(Provided data begins)

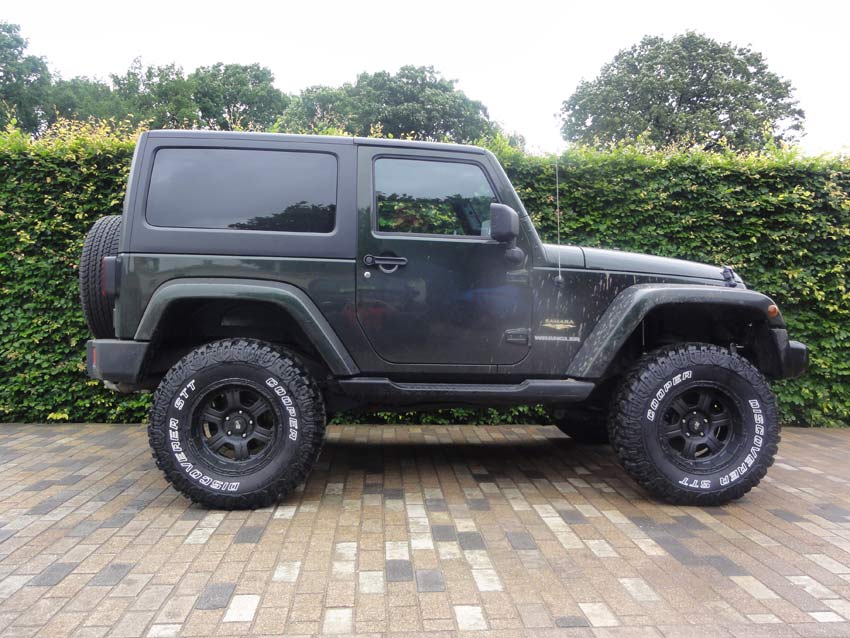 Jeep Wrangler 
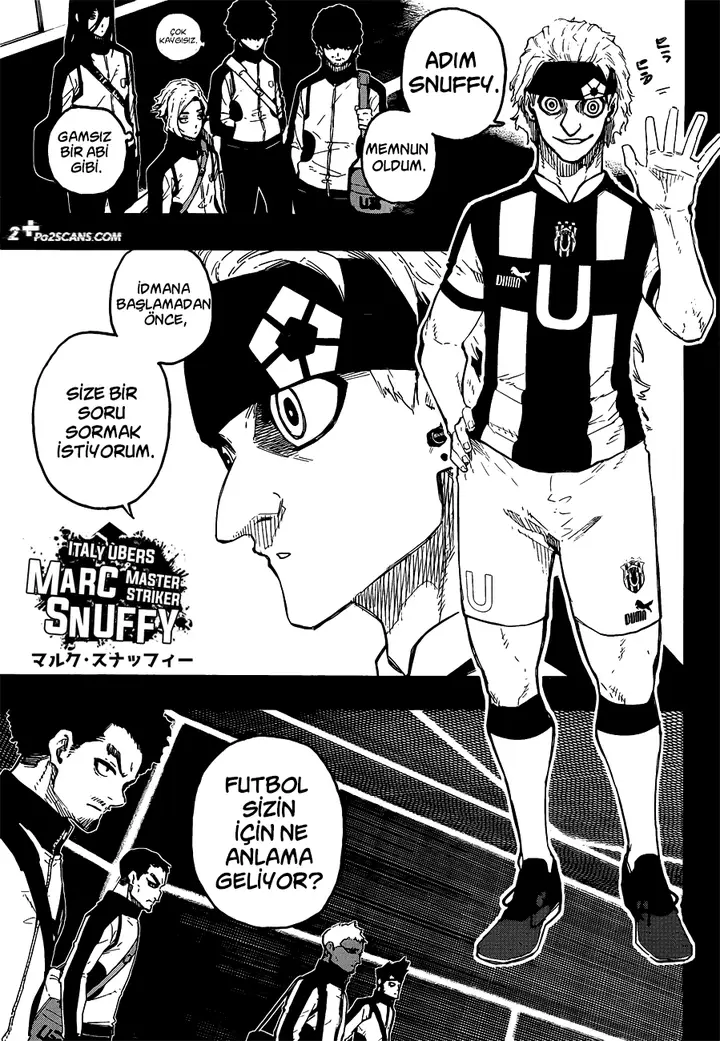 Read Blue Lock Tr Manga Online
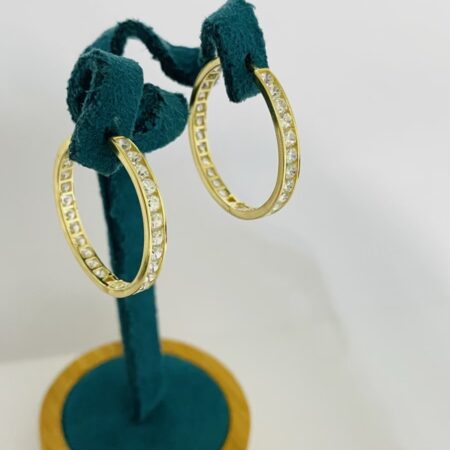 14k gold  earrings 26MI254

(Provided data ends)

§ How to complete this task: Would you please copy the material exactly, leaving all the pictures out?

§ Result of the task:
 Jeep Wrangler 
 Read Blue Lock Tr Manga Online
 14k gold  earrings 26MI254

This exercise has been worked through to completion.